→ **TASK REQUIREMENTS**:
A word-for-word copy of the data, pictures excluded, is what this task asks for.
━━ SUPPLIED ENTRIES
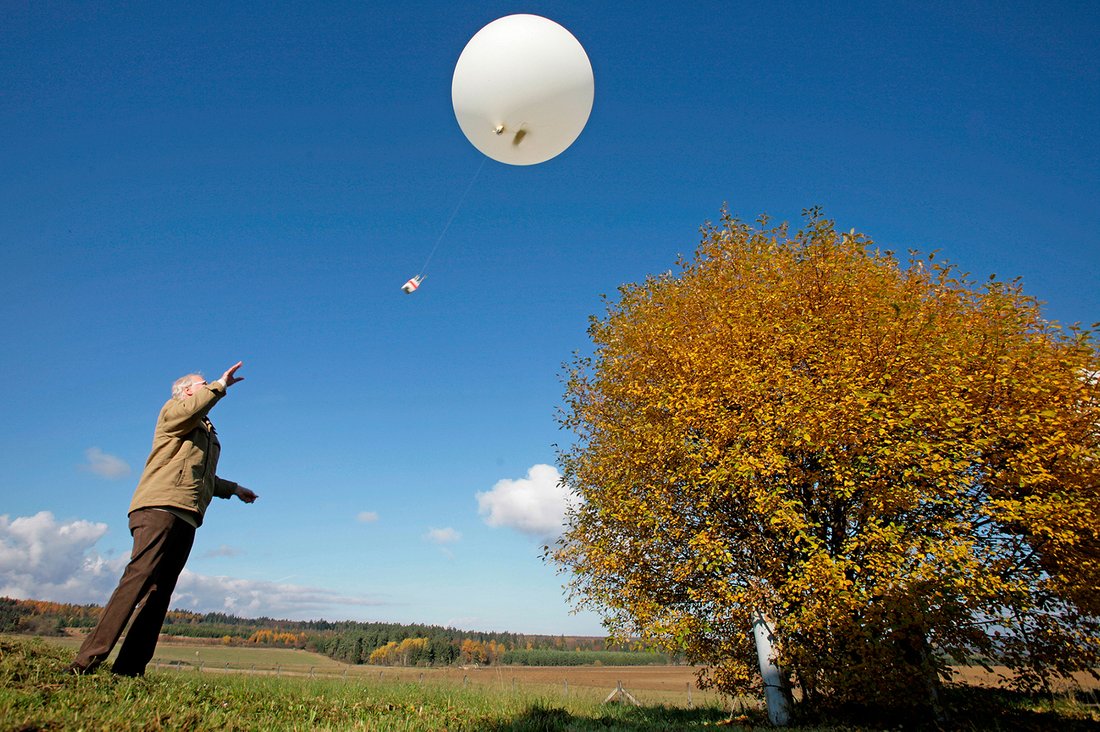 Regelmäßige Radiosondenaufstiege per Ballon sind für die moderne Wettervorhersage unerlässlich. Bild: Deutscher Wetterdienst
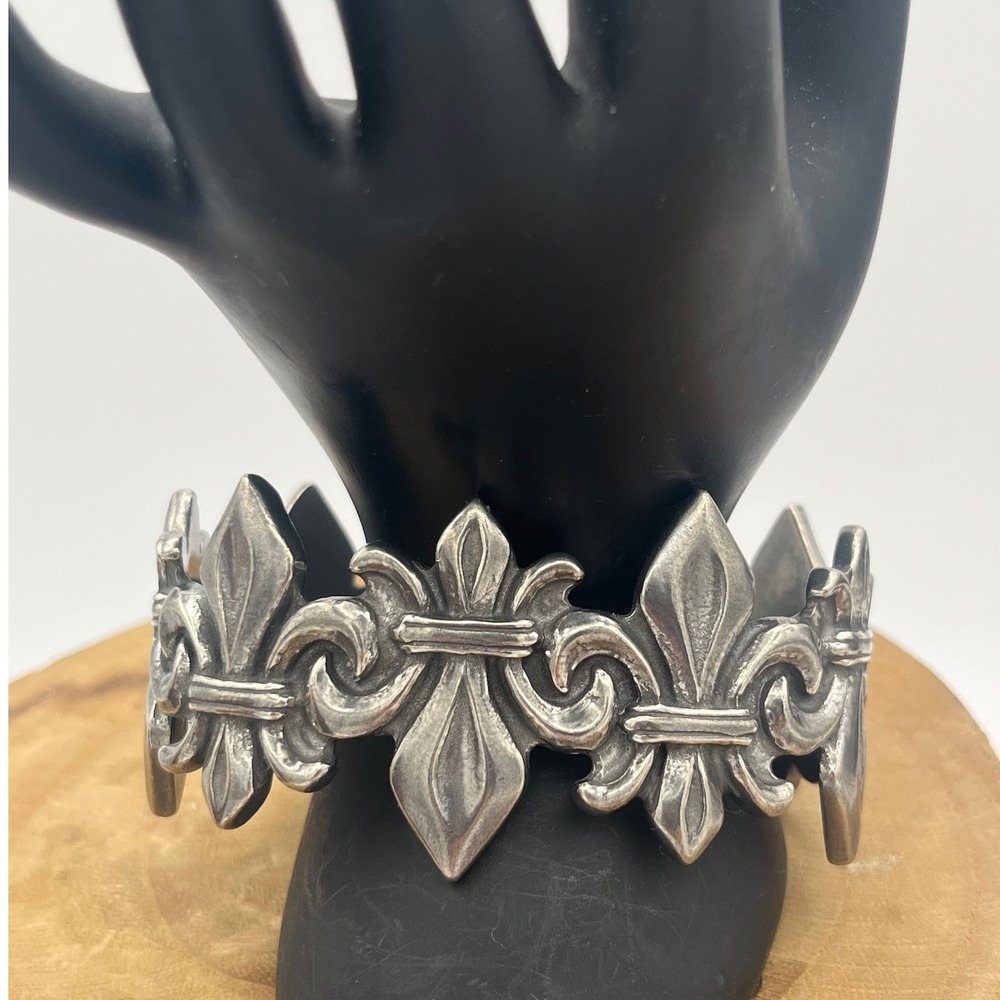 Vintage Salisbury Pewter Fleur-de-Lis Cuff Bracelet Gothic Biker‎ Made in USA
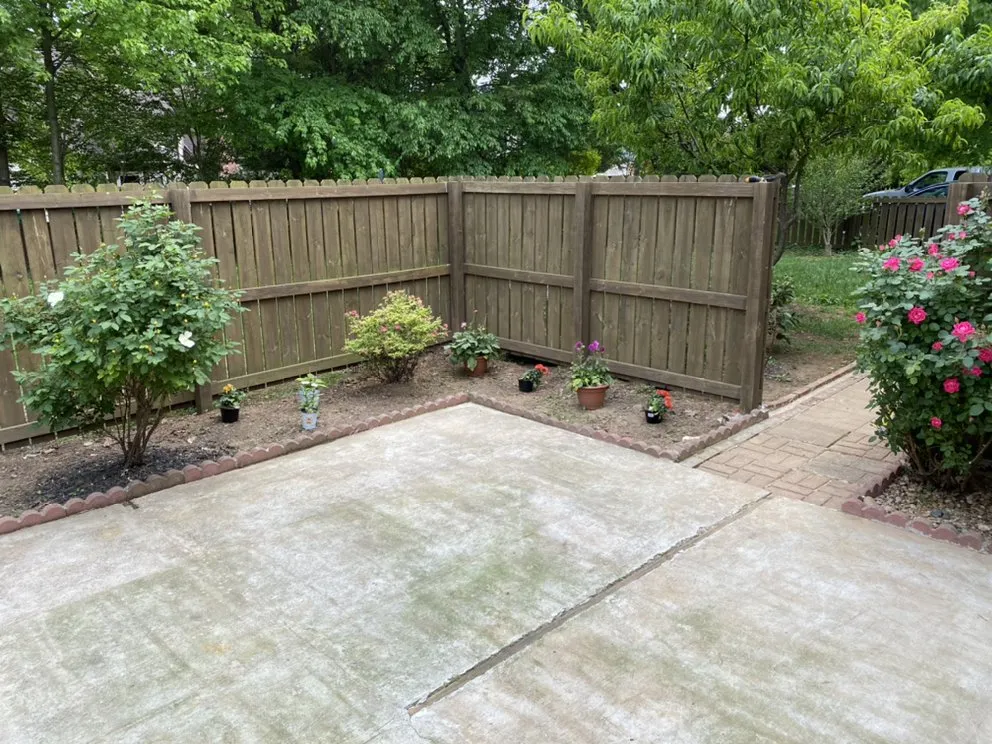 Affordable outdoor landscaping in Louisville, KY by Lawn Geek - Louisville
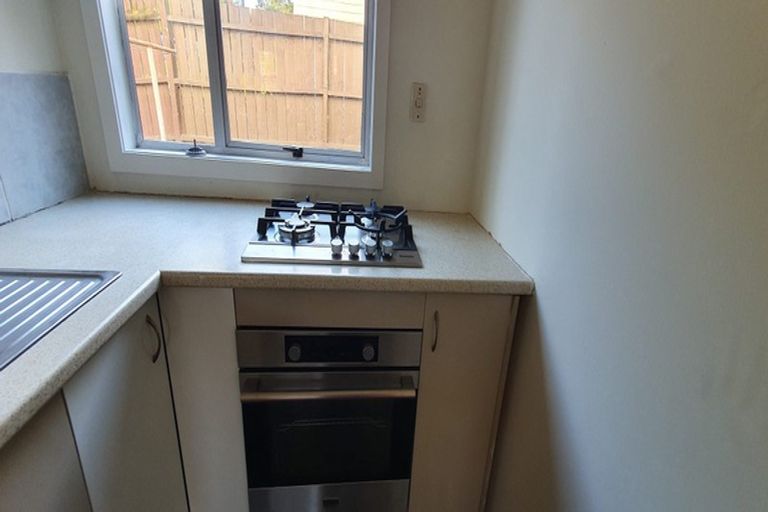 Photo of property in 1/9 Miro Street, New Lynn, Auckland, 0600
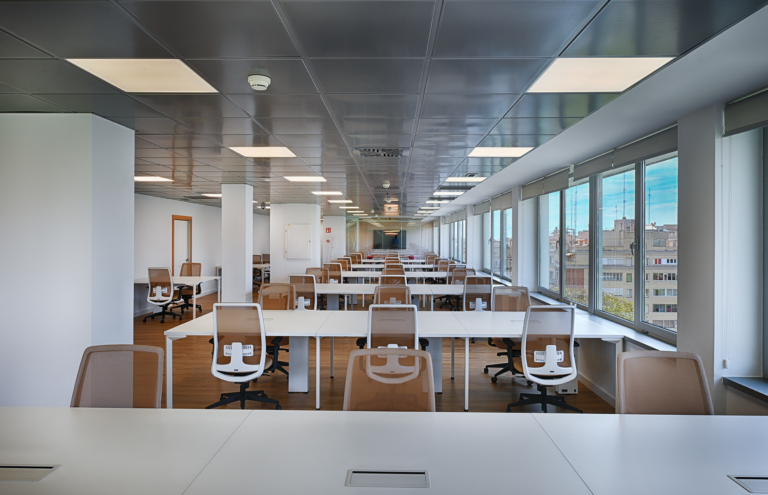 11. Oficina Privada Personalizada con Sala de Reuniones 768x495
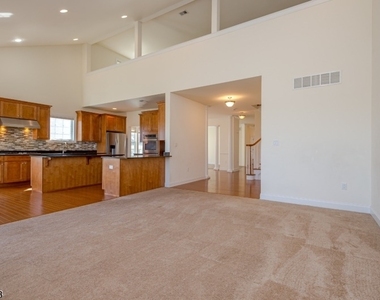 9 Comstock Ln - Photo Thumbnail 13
━━━━
→ **OUTPUT FOR THIS EXERCISE**:
 Regelmäßige Radiosondenaufstiege per Ballon sind für die moderne Wettervorhersage unerlässlich. Bild: Deutscher Wetterdienst
 Vintage Salisbury Pewter Fleur-de-Lis Cuff Bracelet Gothic Biker‎ Made in USA
 Affordable outdoor landscaping in Louisville, KY by Lawn Geek - Louisville
 Photo of property in 1/9 Miro Street, New Lynn, Auckland, 0600
 11. Oficina Privada Personalizada con Sala de Reuniones 768x495
 9 Comstock Ln - Photo Thumbnail 13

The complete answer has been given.